Wednesday, May 12, 2010

It feels like forever.....

Since I had time to blog!

I don't think I've ever paid enough attention to how full and busy my life actually is!

Between kids and work and home and husband, I've got a nicely filled in schedule, not that I'm complaining, not one bit. I love having so much purpose and so many blessings filling up my life, but sometimes, well, often, I crave some "me" time. Such is the life of a mother eh?

So, right now the kids are both in bed, and Elvis is due home in about 20 minutes, maybe less. The house is freshly cleaned, dinner's in the oven, yummy desserts and appetizers are ready to go, and I have a few minutes of absolute silence to do whatever I want with. I choose blogging!

This blog is so valuable in helping me sort through my own head and making sense of what I find there, I think I'd be truly lost without an outlet for my thoughts and feelings.

So, what am I feeling you ask? I'll tell you!

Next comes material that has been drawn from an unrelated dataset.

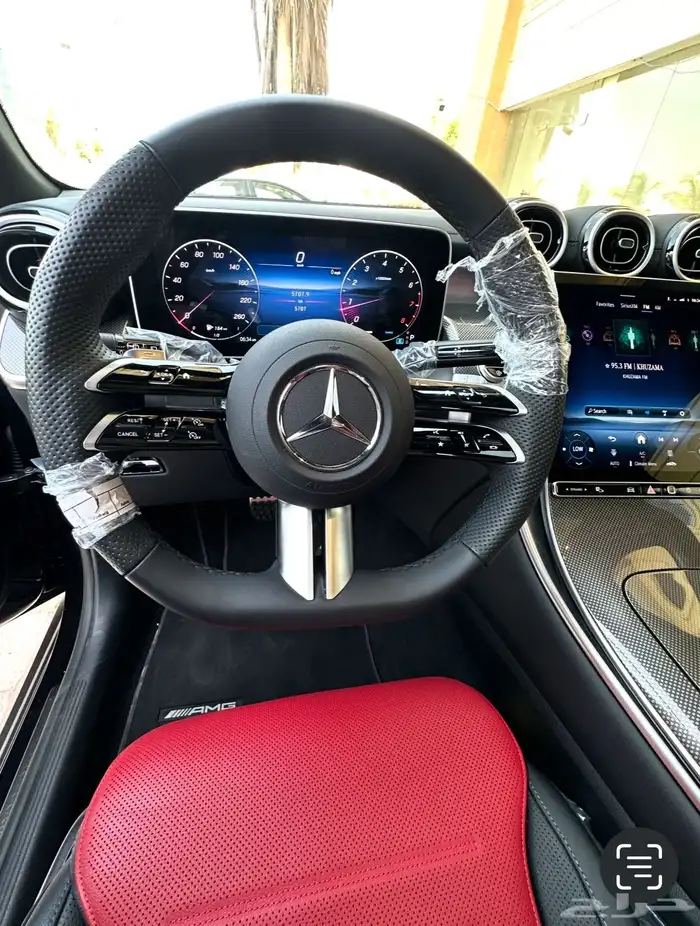 مرسيدس GLC300 AMG موديل 2025 شبه جديد وبضمان الجفالي 24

I'm feeling hopeful, overjoyed, in love, contented, excited and blessed!

Big change from just a little more then half a year ago!

I'm feeling in awe too.

In awe of how good God is to me.

How faithful He is.

How dependable He is.

And also, in awe of the power of prayer, and of trust, and of faith.

Through prayer and trust and faith and reliance on God, I've made it through indescribable lows in my life. It didn't change the lows, they happened just the same, but I made it through them, where without all those things, I'm not sure I could have.

On top of all the other warm and fuzzy emotions I'm feeling tonight, I'm feeling grateful!

But, back to hopeful for a moment, and you'll have to excuse me for being vague, but I have to for now. But I feel a sort of hope and excitement I haven't felt in a few years now. It's a nervous anticipation, it's joyful, it's dreamy and it consumes me, it's absolutely fantastic to feel this way again! I feel lit up and inspired and maybe even younger and more innocent, if that's possible, maybe I just feel reminiscent of young and innocent, it feels good just the same.

My time may be precious and limited, but my life is good, the rebuild is still going strong and God continues to amaze me with his support and love and the blessings he pours out on us each day.

I'll be back, as soon as time allows!

Katie

1 comments:

Blue-Eyed Mystery said...

I love your positive look on life. It's inspiring.